Original topic: tidb server是无状态的,这个“无状态”如何理解?
The TiDB layer itself is stateless. In practice, multiple TiDB instances can be started, and a unified access address can be provided externally through load balancing components (such as LVS, HAProxy, or F5). Client connections can be evenly distributed across multiple TiDB instances to achieve load balancing.
I have always been confused about what “stateless” means. Could the experts please explain what “state” refers to here?
             
            
              
              
              
            
           
          
            
            
              
Stateless means not storing data and having no role differentiation between nodes, such as master-slave or leader-follower.
             
            
              
              
              
            
           
          
            
            
              
Not storing data, just like an application, I can start one process or multiple processes without affecting each other.
             
            
              
              
              
            
           
          
            
            
              
You can add N nodes, and then, when the load can be sufficiently handled, you can remove N nodes. From this perspective, it will be relatively easier…
The entire process has no impact on service handling.
             
            
              
              
              
            
           
          
            
            
              
Does not store data and does not maintain any information about the client state when processing requests. Each request is independent, and the service does not rely on the state of previous requests or session information.
             
            
              
              
              
            
           
          
            
            
              
Stateless means not storing specific data, so if a node goes down, it does not affect the entire cluster’s usage.
The computing resources that storage and SQL rely on are different. Storage depends on IO, while computation requires higher CPU and memory.
In TiDB, the SQL layer is stateless.
Specifically, you need to understand what “stateful” and “stateless” mean.
Stateless Service
Each client request must contain self-descriptive information to identify the client’s identity.
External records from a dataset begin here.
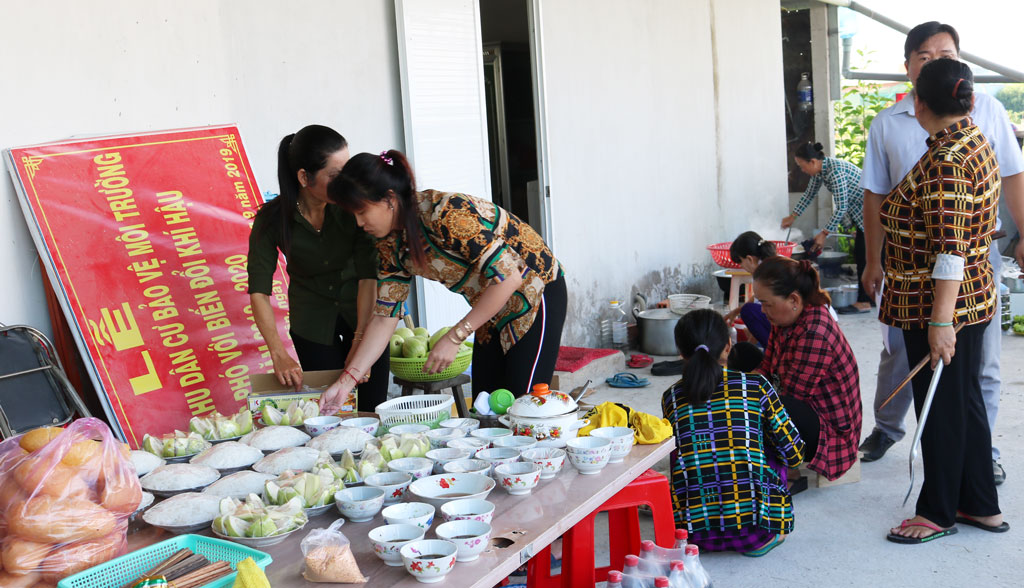 Người dân trong xóm cùng nhau chuẩn bị bữa cơm Đại đoàn kết tại ấp 6, xã An Nhựt Tân, huyện Tân Trụ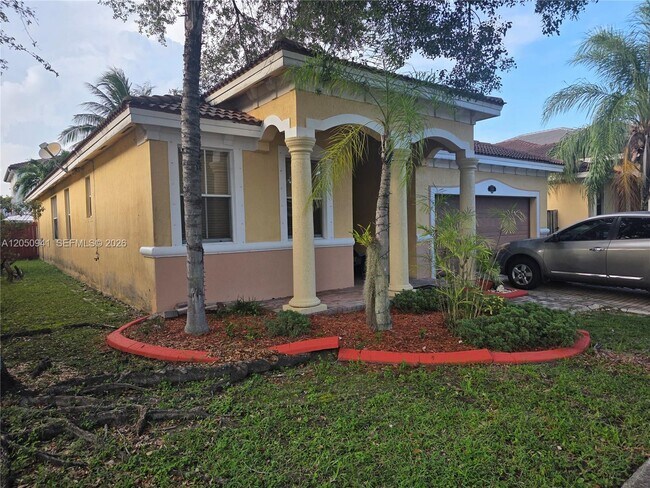Building Photo - 15103 SW 11th Ln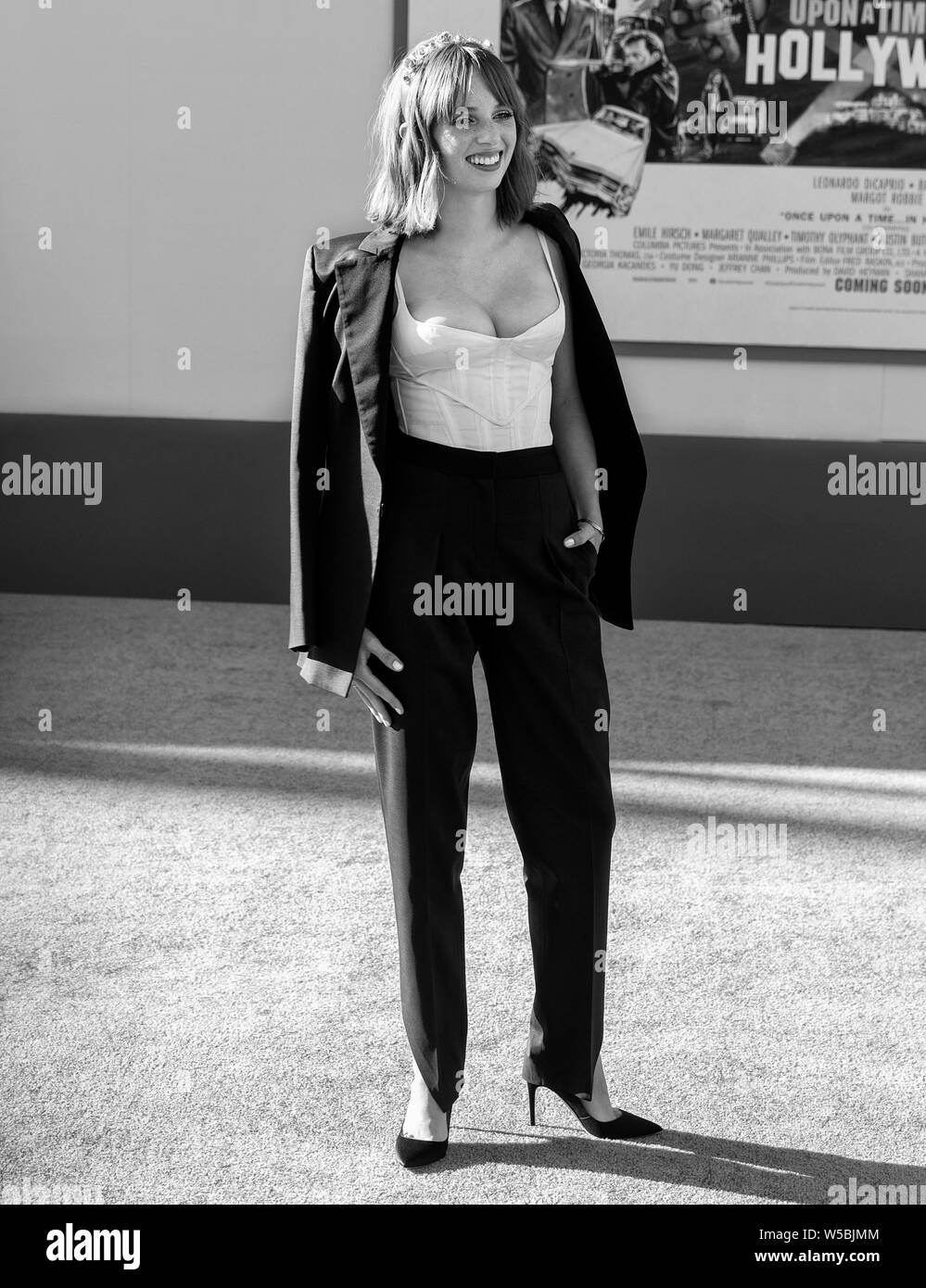 Los Angeles, CA - Luglio 22, 2019: Maya Hawke assiste il Los Angeles Premiere di " una volta a Hollywood" tenutasi presso la TCL Teatro Cinese Foto Stock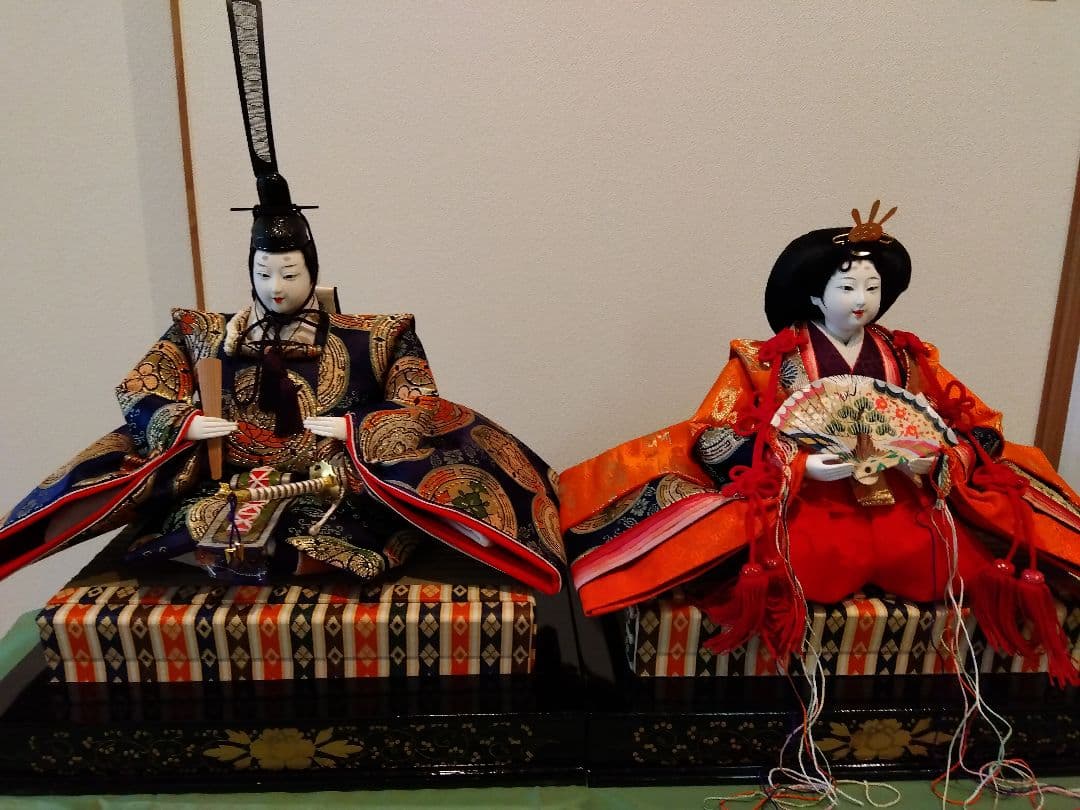 雛人形 お内裏様と三人官女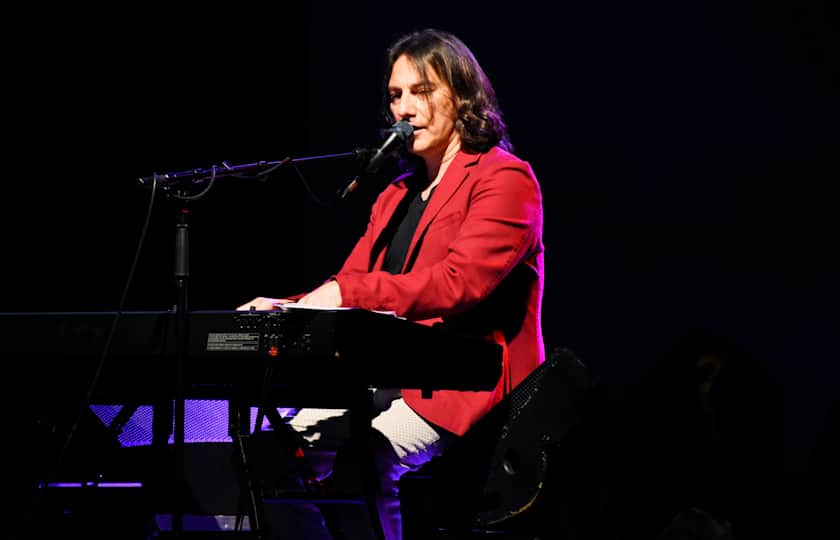  Pippo Pollina in Concerto - La vita è bella cosi com’è Alte Oper Illustration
The server does not save any information about the client requester.
Benefits of Statelessness?
- Client requests do not depend on server information, and multiple requests do not need to access the same server.
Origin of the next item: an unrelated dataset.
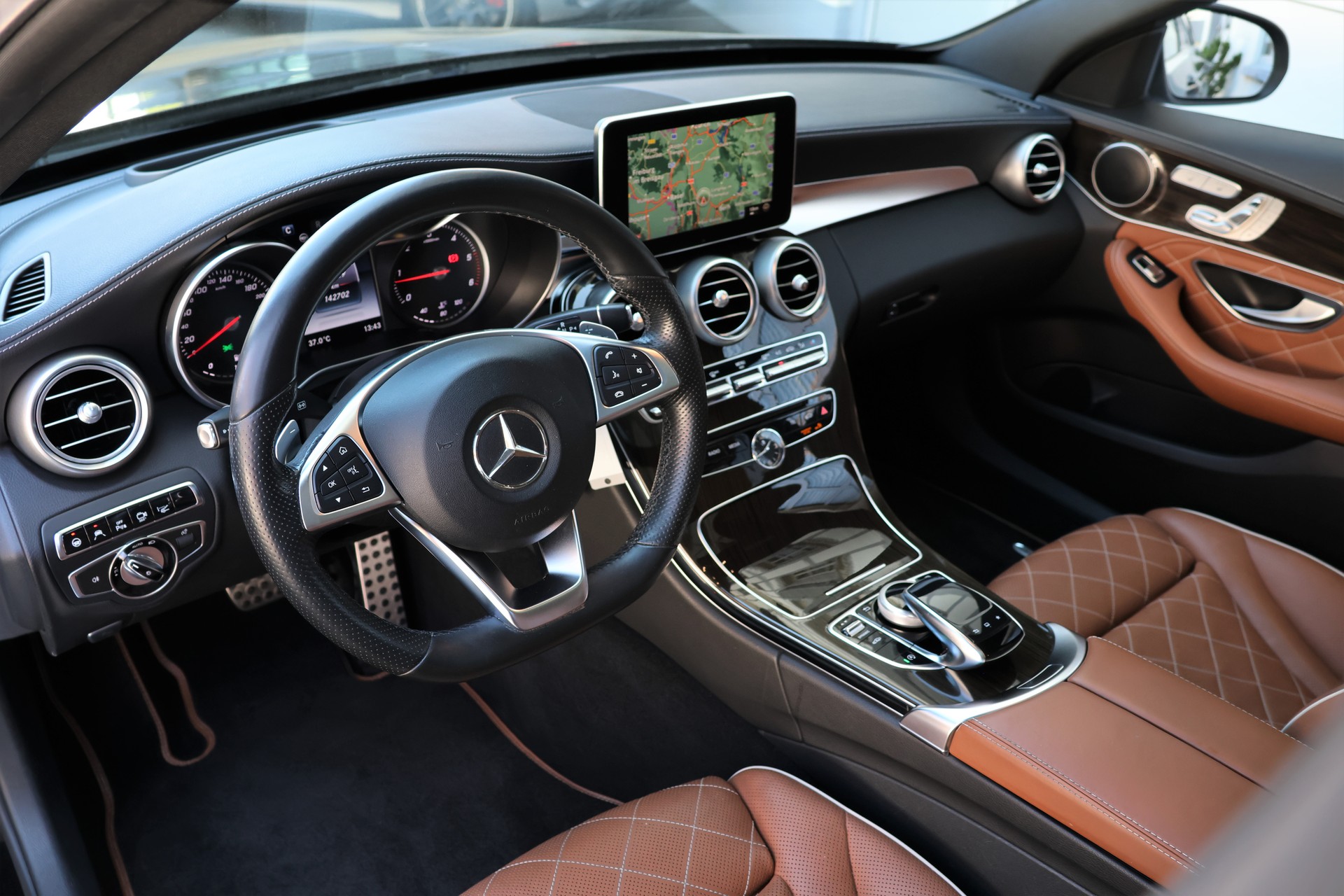 MERCEDES-BENZ C 250d BlueTEC AMG Line 4Matic 7G-Tronic "Designo" + 1.8T AHK-image-9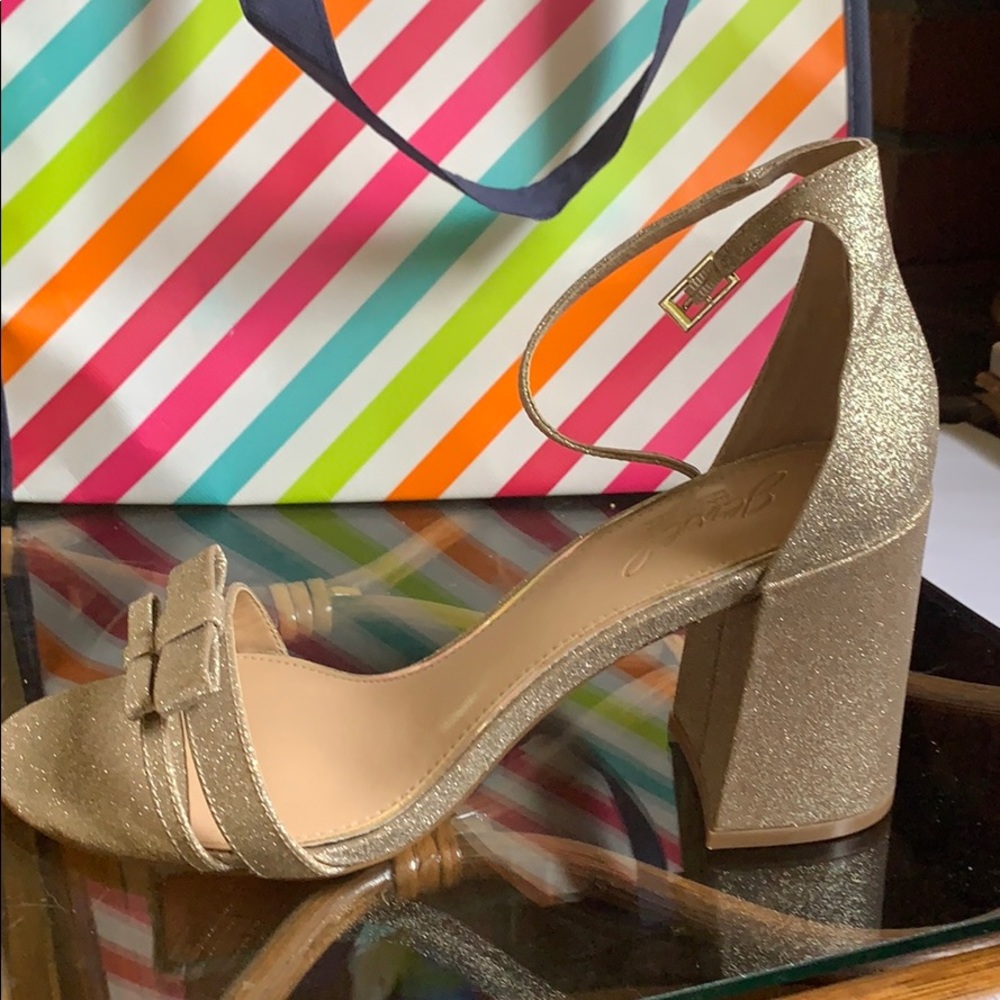 Dress shoes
- The server cluster and state are transparent to the client, allowing the server to migrate and scale freely, reducing server storage pressure.
What is Stateful?
Stateful services require the server to record client information for each session to identify the client’s identity and process requests based on the user’s identity. A typical design is the session in Tomcat.
For example, login: After a user logs in, we save the login information in the server session and give the user a cookie value to record the corresponding session. Then, in the next request, the user carries the cookie value, allowing us to identify the corresponding session and find the user’s information.
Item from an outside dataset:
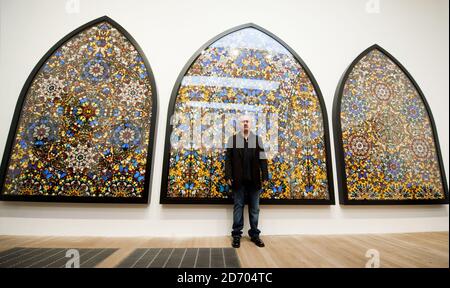 L'artista Damien Hirst ha raffigurato di fronte al suo lavoro la porta del Regno del Cielo, alla sua mostra retrospettiva alla Tate Modern Gallery di Londra. Foto Stock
For more understanding of state, please refer to 分布式系统中的“无状态”和“有状态”详解-腾讯云开发者社区-腾讯云
             
            
              
              
              
            
           
          
            
            
              
Compared to PD having a leader and TiKV store having a region leader, TiDB has a GC owner, etc., the statefulness is not strong.
             
            
              
              
              
            
           
          
            
            
              
Stateless transitions, no distinction between master and slave.
             
            
              
              
              
            
           
          
            
            
              
Stateless means no data is stored. Even if all TiDB servers are lost, TiDB will not lose data.
             
            
              
              
              
            
           
          
            
            
              
Stateless means you can respawn in place without losing equipment.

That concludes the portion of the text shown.